Record extracts
○ ○ ○ ○ ○

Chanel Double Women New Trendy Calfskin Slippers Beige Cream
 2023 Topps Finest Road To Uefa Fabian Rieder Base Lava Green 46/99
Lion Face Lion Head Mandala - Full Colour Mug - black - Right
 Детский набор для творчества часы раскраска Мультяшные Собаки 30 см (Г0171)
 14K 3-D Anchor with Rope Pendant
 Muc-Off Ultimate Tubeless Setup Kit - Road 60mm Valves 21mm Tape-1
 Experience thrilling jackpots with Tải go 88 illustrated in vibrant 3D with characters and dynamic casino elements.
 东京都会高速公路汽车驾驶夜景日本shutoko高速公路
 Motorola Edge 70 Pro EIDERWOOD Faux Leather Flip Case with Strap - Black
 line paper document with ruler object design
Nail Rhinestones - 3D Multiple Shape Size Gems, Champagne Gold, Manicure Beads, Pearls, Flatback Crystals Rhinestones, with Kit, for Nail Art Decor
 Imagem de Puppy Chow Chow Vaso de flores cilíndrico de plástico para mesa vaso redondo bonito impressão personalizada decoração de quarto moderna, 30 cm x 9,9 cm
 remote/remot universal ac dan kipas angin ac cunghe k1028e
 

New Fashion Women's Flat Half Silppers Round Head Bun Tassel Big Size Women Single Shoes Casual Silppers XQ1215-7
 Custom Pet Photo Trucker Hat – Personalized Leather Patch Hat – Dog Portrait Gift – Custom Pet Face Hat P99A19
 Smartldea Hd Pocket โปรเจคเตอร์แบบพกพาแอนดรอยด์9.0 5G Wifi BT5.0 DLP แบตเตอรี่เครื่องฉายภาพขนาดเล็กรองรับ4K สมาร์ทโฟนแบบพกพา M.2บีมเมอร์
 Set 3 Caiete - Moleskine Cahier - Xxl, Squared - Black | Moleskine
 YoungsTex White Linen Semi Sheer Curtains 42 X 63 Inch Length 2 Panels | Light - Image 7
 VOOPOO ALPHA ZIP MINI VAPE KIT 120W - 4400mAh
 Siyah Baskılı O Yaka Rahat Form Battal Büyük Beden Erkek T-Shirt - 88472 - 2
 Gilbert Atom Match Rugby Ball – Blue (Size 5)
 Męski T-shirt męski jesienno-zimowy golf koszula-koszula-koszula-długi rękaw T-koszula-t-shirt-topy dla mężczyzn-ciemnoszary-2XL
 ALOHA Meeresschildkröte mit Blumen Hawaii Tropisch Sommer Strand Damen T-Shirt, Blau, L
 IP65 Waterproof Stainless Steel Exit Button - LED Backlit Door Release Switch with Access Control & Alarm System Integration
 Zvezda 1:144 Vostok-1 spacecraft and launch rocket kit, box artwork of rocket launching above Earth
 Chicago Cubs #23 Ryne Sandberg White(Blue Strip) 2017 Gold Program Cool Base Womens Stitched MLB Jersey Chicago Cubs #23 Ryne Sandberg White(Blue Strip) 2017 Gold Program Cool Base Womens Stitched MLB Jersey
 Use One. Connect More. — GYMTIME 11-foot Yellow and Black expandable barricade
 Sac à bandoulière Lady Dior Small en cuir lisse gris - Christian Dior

○ ○ ○ ○ ○

Action item
Within the listing above, locate the line containing "Set 3 Caiete" and the line containing "ALOHA Meeresschildkröte mit". Reproduce those two lines and all lines between them exactly, with nothing added.

Reply
 Set 3 Caiete - Moleskine Cahier - Xxl, Squared - Black | Moleskine
 YoungsTex White Linen Semi Sheer Curtains 42 X 63 Inch Length 2 Panels | Light - Image 7
 VOOPOO ALPHA ZIP MINI VAPE KIT 120W - 4400mAh
 Siyah Baskılı O Yaka Rahat Form Battal Büyük Beden Erkek T-Shirt - 88472 - 2
 Gilbert Atom Match Rugby Ball – Blue (Size 5)
 Męski T-shirt męski jesienno-zimowy golf koszula-koszula-koszula-długi rękaw T-koszula-t-shirt-topy dla mężczyzn-ciemnoszary-2XL
 ALOHA Meeresschildkröte mit Blumen Hawaii Tropisch Sommer Strand Damen T-Shirt, Blau, L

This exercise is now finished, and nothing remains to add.